I'm a bit confused about an exercise I read. Namely, T. Y. Lam's A First Course in Noncommutative Rings has the following on page $23$ Ex. $1.10$.
Let $p$ be a fixed prime. Show that there exists a noncommutative ring (with identity) of order $p^3$.
Well, this implies that there is a noncommutative ring with identity of order $8<16$, which contradicts with benh's answer given in Smallest non-commutative ring with unity . So have I understood correctly that there is a mistake in Lam's exercise?
Indeed, there is a noncommutative ring with unity of order $p^3$ for all prime $p$. Though I have not read benh's proof, it must have an error of some form. I will not bother to repeat the argument. See this paper for many various constructions related to your question as well as the proof that there is a noncommutative ring with unity of order $p^3$ for all prime $p$.

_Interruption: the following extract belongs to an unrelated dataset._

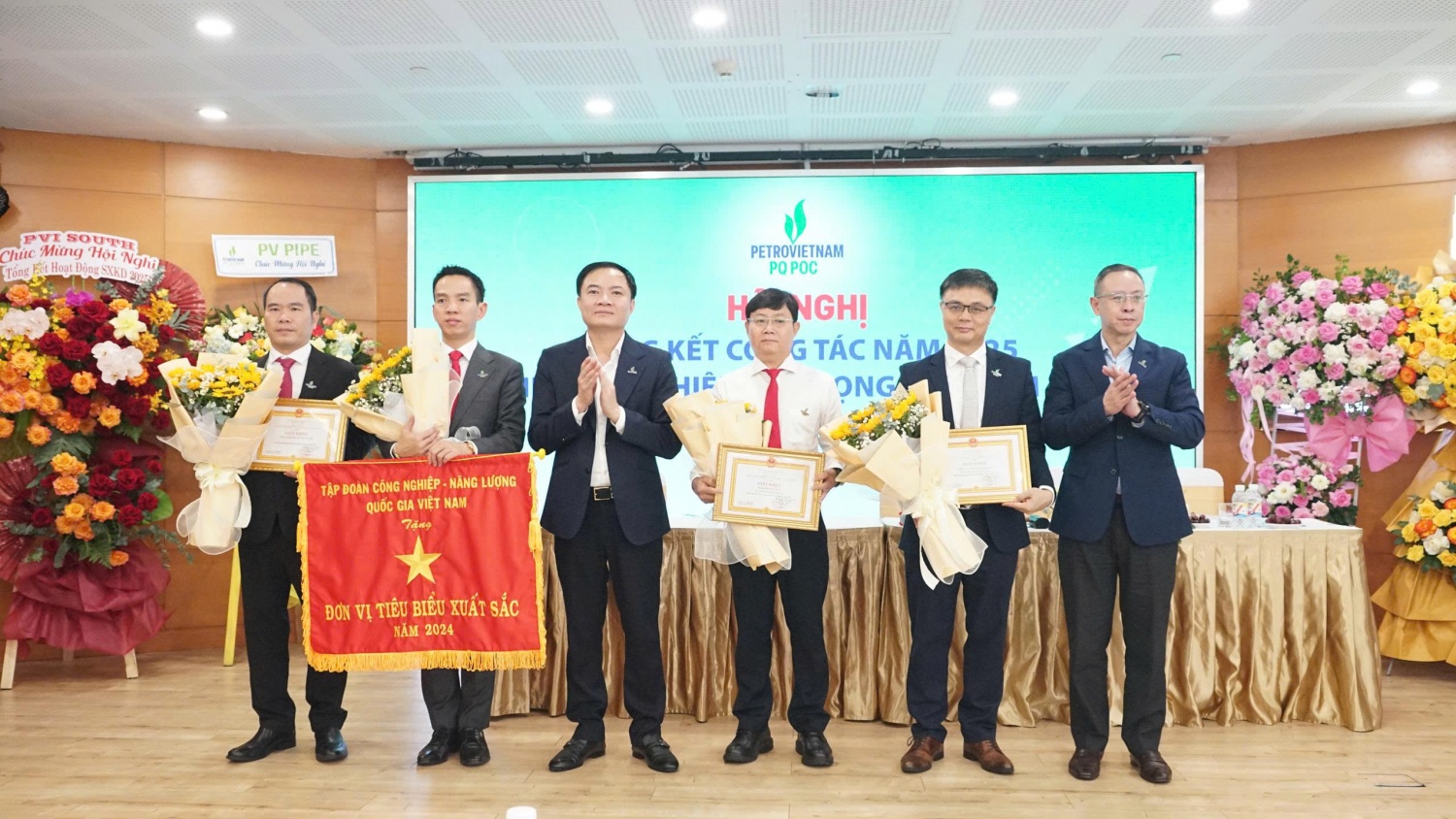 Lãnh đạo Petrovietnam trao tặng cờ thi đua và bằng khen của Tập đoàn cho các tập thể có thành tích xuất sắc, tiêu biểu trong công tác năm 2024.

$(n-1) \times (n-1)$ matrices over ${\mathbb Z}_p$ of the form $a I + C e^T$ where $a \in {\mathbb Z}_p$, $C \in ({\mathbb Z}_p)^{n-1}$ (as a column vector) and $e^T = [1,0,\ldots,0]$ form a noncommutative ring (with identity) of order $p^n$. Thus for $n=4$ the matrices are of the form $$ \pmatrix{a_1 & 0 & 0\cr a_2 & a_3 & 0\cr a_4 & 0 & a_3\cr}$$
Here $p$ is an integer $\ge 2$ (not necessarily prime) and $n$ is an integer $\ge 3$. It is noncommutative because e.g. $$ \pmatrix{0 & 0 & \ldots\cr 0 & 1 &\ldots\cr \ldots & \ldots & \ldots} \pmatrix{0 & 0 & \ldots\cr 1 & 0 &\ldots\cr \ldots & \ldots & \ldots}= \pmatrix{0 & 0 & \ldots\cr 1 & 0 &\ldots\cr \ldots & \ldots & \ldots}$$ while $$ \pmatrix{0 & 0 & \ldots\cr 1 & 0 &\ldots\cr \ldots & \ldots & \ldots} \pmatrix{0 & 0 & \ldots\cr 0 & 1 &\ldots\cr \ldots & \ldots & \ldots}= \pmatrix{0 & 0 & \ldots\cr 0 & 0 &\ldots\cr \ldots & \ldots & \ldots}$$